• Assigned task
For this task, output every entry below exactly and omit the pictures.
━━ Data in this exercise ━━
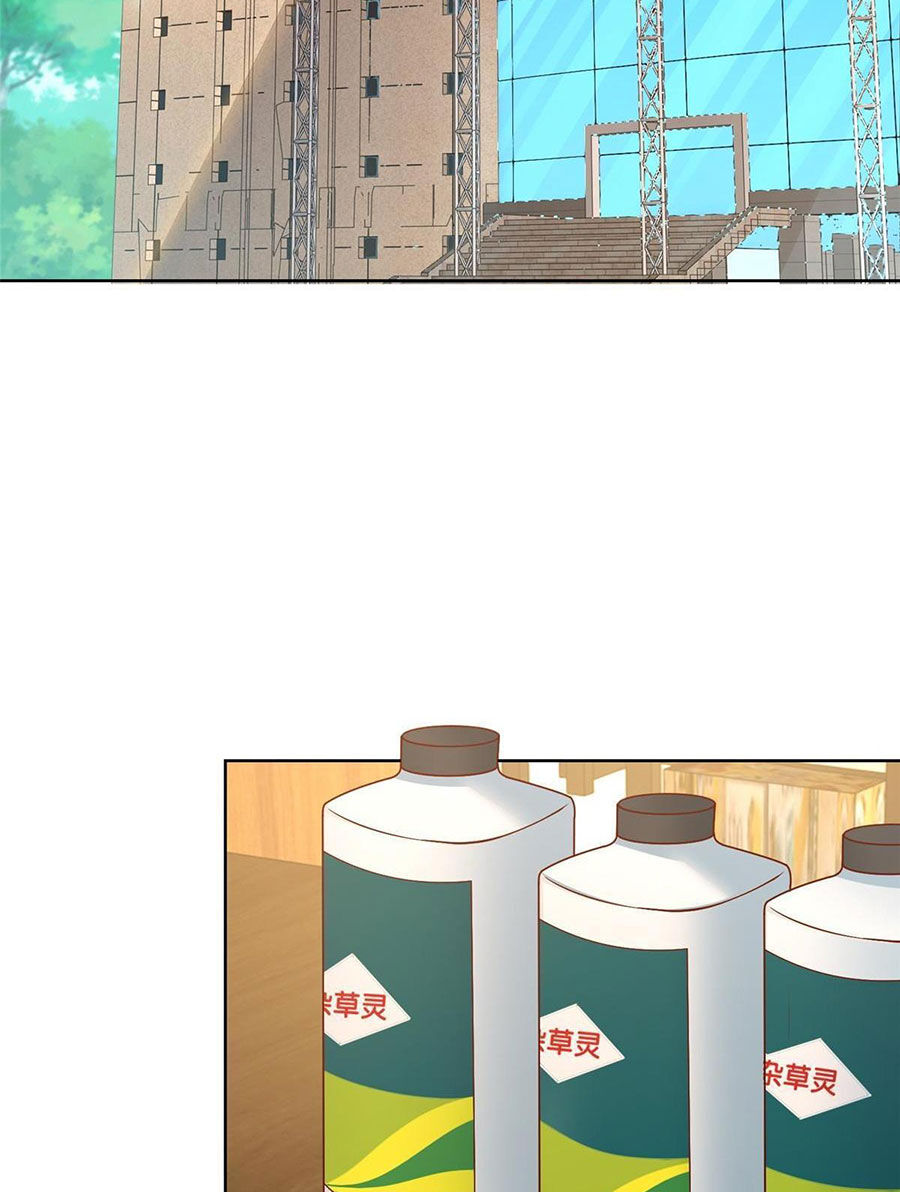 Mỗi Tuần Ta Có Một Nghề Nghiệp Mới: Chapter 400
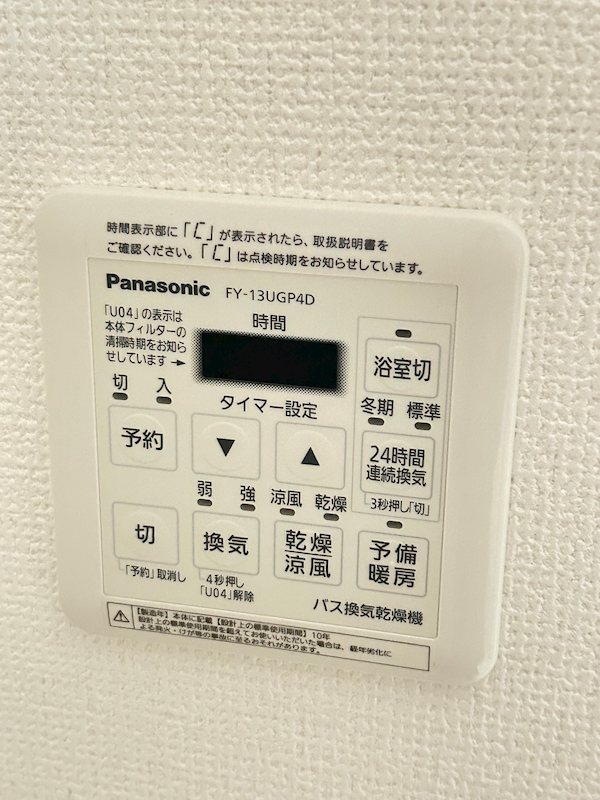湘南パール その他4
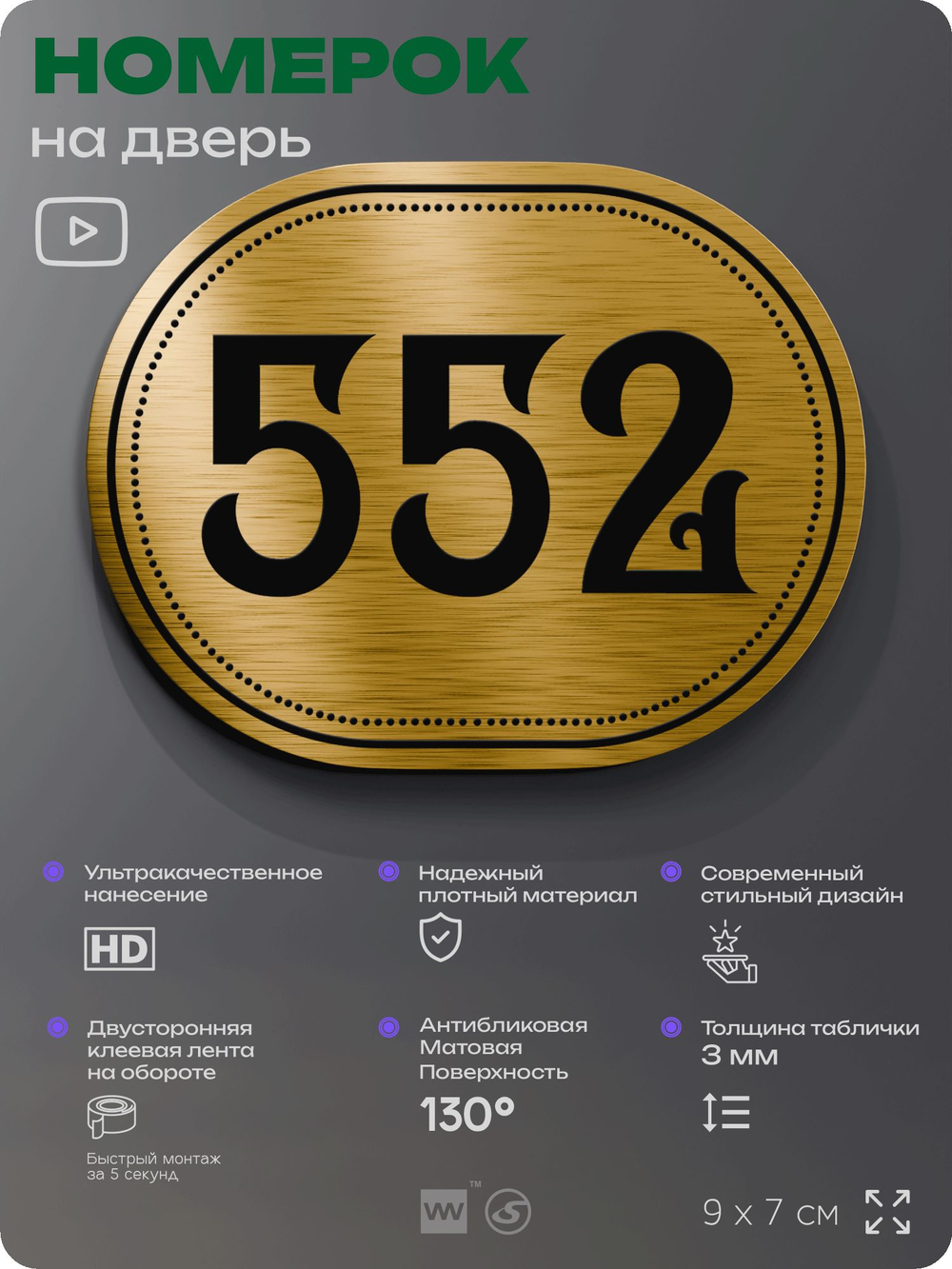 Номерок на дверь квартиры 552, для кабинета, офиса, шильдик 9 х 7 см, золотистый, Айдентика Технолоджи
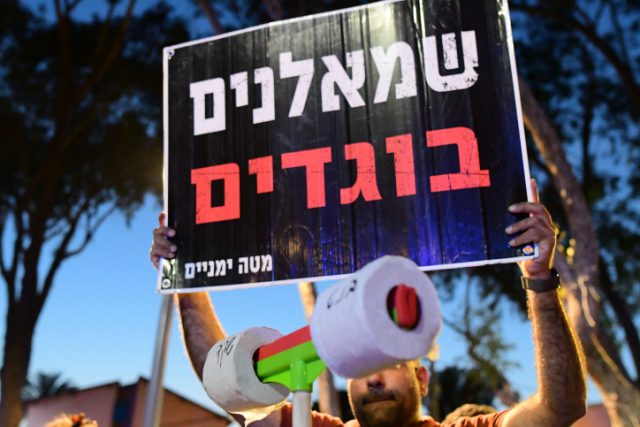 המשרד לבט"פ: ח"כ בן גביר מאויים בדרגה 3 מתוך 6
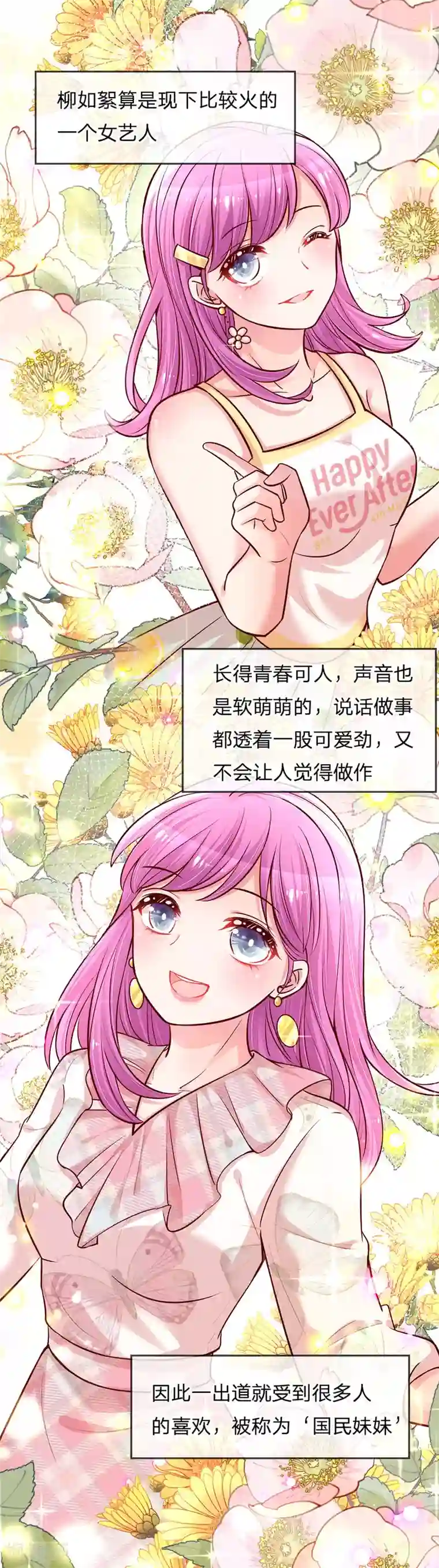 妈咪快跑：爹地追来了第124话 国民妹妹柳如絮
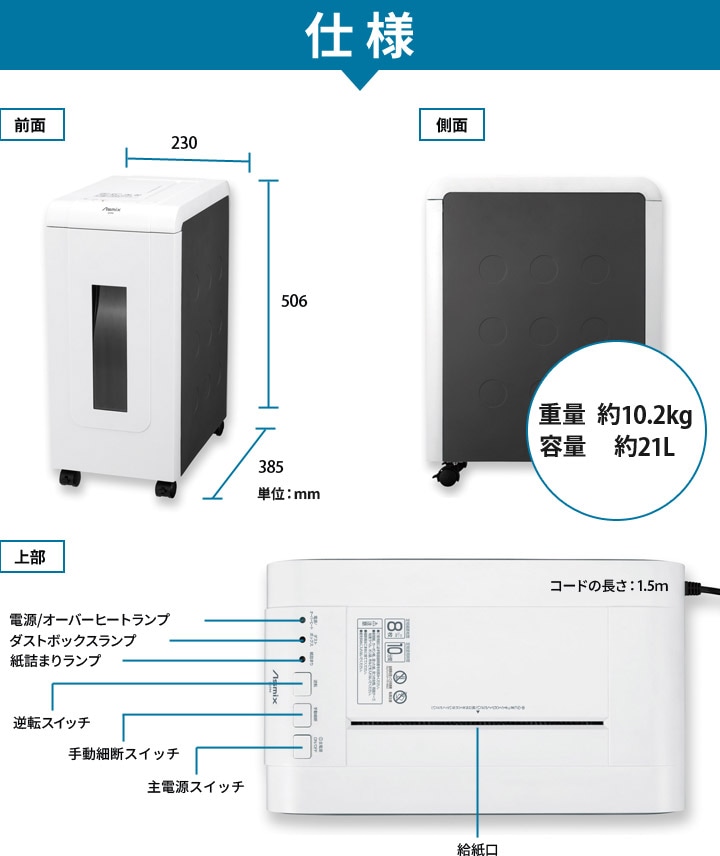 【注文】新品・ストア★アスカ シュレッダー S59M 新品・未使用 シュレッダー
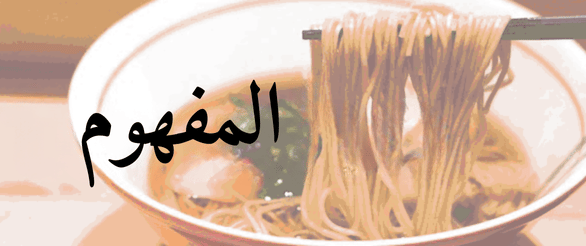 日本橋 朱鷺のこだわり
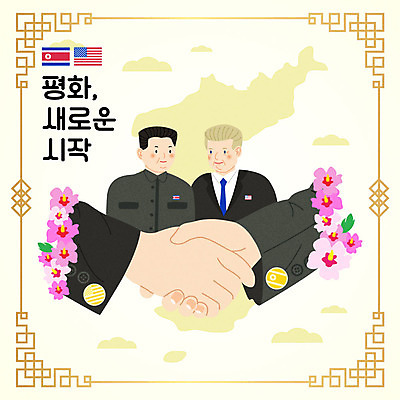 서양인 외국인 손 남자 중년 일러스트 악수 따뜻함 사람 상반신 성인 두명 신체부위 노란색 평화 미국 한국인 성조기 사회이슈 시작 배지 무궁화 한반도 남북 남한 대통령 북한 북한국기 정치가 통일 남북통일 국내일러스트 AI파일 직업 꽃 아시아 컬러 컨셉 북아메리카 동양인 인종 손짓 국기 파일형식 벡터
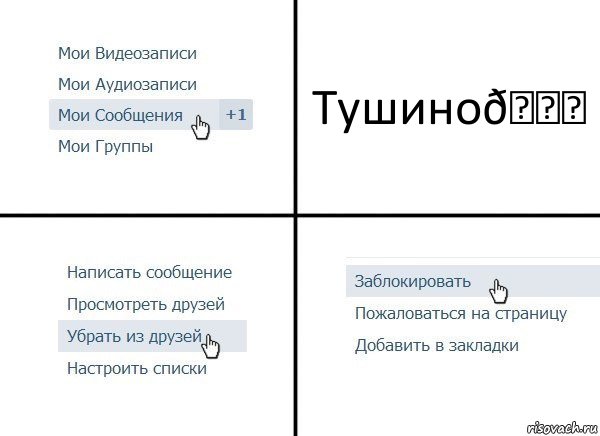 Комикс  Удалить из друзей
━━━
• Output for this task
 Mỗi Tuần Ta Có Một Nghề Nghiệp Mới: Chapter 400
湘南パール その他4
 Номерок на дверь квартиры 552, для кабинета, офиса, шильдик 9 х 7 см, золотистый, Айдентика Технолоджи
 המשרד לבט"פ: ח"כ בן גביר מאויים בדרגה 3 מתוך 6
 妈咪快跑：爹地追来了第124话 国民妹妹柳如絮
 【注文】新品・ストア★アスカ シュレッダー S59M 新品・未使用 シュレッダー
 日本橋 朱鷺のこだわり
 서양인 외국인 손 남자 중년 일러스트 악수 따뜻함 사람 상반신 성인 두명 신체부위 노란색 평화 미국 한국인 성조기 사회이슈 시작 배지 무궁화 한반도 남북 남한 대통령 북한 북한국기 정치가 통일 남북통일 국내일러스트 AI파일 직업 꽃 아시아 컬러 컨셉 북아메리카 동양인 인종 손짓 국기 파일형식 벡터
 Комикс  Удалить из друзей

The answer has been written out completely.